Мать Приска искоса посмотрела на него, после чего взяла персик. «Ну, как, доволен?» Она бережно держала персик на коленях, в складках своей поношенной одежды, как будто перед ней было нечто драгоценное.

Феба что-то пробормотала, и Юлий склонился к ней. Ее здоровая рука лежала на медной тарелке, находящейся у нее на коленях. Она постучала по тарелке, и Приска стала наблюдать, как Юлий внимательно следил за Фебой.

— Гера, — сказал он и взглянул на мать Приску. — Как там маленькая Гера?

Мать Приска удивленно уставилась на Фебу, потом вопросительно посмотрела на Юлия. Кивнув в знак понимания, он сказал:

— Госпожа Феба не может ни говорить, ни двигаться, но понимает все, что происходит вокруг нее.

От его слов Приска испытала глубокое чувство жалости и печали. Скрыв свои чувства, она посмотрела на Фебу и попыталась заговорить с ней с такой же простотой и теплотой, как всегда общалась с ней.

— Эта маленькая девочка в полном порядке. По-прежнему играет с куклами на дороге. Спросила тут меня, почему ты в последний раз не пришла. Ну я сказала ей, что тебе нездоровится.

Она провела пальцами по нежной поверхности персика, вспомнив слезы у ребенка на щеках.

— У Олимпии и ее сына все хорошо, — продолжила она. — Олимпия нашла себе работу в какой-то харчевне.

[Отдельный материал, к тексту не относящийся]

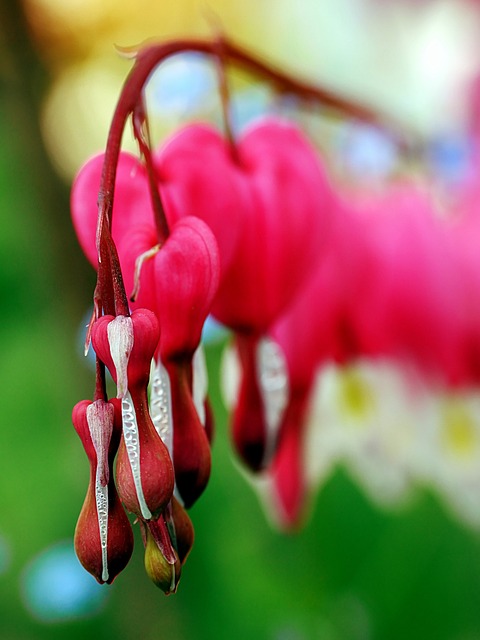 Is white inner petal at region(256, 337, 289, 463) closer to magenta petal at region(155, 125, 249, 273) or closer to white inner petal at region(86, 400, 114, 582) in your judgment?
magenta petal at region(155, 125, 249, 273)

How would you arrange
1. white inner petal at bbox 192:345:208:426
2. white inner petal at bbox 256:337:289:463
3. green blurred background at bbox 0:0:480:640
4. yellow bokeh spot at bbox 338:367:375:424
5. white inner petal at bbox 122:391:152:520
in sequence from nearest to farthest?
white inner petal at bbox 122:391:152:520 → white inner petal at bbox 192:345:208:426 → white inner petal at bbox 256:337:289:463 → yellow bokeh spot at bbox 338:367:375:424 → green blurred background at bbox 0:0:480:640

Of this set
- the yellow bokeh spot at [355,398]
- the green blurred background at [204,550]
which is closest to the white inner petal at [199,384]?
the yellow bokeh spot at [355,398]

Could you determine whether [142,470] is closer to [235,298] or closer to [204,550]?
[235,298]

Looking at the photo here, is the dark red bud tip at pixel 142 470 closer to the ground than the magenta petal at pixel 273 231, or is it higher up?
closer to the ground

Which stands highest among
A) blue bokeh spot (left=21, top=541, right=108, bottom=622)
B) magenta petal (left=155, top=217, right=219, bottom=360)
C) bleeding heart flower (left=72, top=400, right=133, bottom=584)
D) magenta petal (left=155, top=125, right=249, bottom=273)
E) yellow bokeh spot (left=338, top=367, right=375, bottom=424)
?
magenta petal (left=155, top=125, right=249, bottom=273)

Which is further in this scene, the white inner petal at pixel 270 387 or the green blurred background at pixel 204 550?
the green blurred background at pixel 204 550

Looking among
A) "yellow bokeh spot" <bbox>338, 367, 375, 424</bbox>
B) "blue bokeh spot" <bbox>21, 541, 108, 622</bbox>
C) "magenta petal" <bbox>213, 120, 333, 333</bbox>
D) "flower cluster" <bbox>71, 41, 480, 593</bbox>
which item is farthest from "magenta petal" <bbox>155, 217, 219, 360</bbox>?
"blue bokeh spot" <bbox>21, 541, 108, 622</bbox>

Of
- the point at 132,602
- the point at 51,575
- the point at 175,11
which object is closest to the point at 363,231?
the point at 132,602

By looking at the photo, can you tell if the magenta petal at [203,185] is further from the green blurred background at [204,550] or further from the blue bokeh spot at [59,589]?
the blue bokeh spot at [59,589] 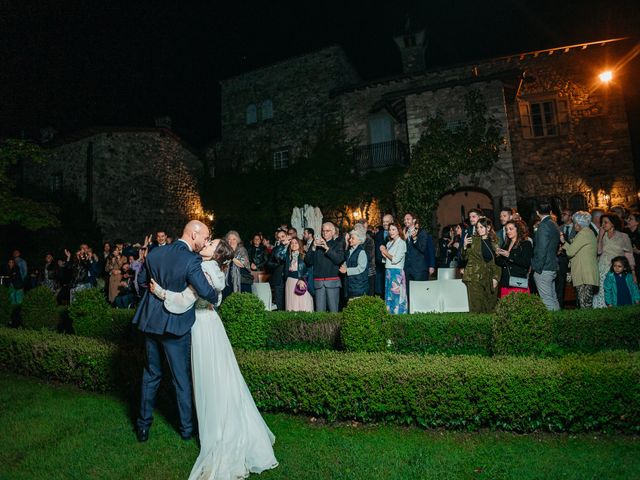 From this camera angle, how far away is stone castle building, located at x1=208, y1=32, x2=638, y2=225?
1617cm

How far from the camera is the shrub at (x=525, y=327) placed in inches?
175

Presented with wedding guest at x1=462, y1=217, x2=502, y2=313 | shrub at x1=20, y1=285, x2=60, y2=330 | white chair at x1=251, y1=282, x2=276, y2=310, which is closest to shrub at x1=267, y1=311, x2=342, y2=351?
white chair at x1=251, y1=282, x2=276, y2=310

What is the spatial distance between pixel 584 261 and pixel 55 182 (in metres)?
25.5

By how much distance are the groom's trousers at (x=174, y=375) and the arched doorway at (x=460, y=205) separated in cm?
1559

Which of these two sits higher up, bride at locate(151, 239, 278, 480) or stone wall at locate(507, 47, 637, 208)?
stone wall at locate(507, 47, 637, 208)

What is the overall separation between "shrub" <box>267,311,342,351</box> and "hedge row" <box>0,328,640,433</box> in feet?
5.79

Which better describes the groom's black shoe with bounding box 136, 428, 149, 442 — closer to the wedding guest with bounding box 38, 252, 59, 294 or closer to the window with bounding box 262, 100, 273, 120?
the wedding guest with bounding box 38, 252, 59, 294

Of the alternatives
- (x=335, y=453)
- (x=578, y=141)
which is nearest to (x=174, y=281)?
(x=335, y=453)

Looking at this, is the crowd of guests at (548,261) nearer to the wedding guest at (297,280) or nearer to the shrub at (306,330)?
the shrub at (306,330)

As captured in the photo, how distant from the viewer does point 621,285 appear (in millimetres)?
7137

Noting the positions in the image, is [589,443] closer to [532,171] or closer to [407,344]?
[407,344]

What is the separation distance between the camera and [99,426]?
423cm

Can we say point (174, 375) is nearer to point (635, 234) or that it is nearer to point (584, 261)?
point (584, 261)

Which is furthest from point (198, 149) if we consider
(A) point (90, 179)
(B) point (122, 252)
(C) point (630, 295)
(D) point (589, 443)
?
(D) point (589, 443) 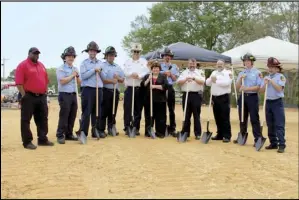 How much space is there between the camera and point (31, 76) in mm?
6660

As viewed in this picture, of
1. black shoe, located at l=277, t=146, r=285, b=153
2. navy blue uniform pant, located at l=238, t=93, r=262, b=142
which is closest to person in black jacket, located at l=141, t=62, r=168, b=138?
navy blue uniform pant, located at l=238, t=93, r=262, b=142

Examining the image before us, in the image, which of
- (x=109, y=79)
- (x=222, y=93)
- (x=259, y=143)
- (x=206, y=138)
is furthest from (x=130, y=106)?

Вернасия снова решила выйти замуж. Этот мужчина работает на складах твоего сына и живет рядом с ней. Я не думаю, что она забыла о своем молодом муже, но она не может сама прокормить детей, а теперь ей станет полегче. Кай постарше ее, хозяйственный. Он позаботится о ней и ее детях, ну а там, глядишь, и свои дети у них появятся.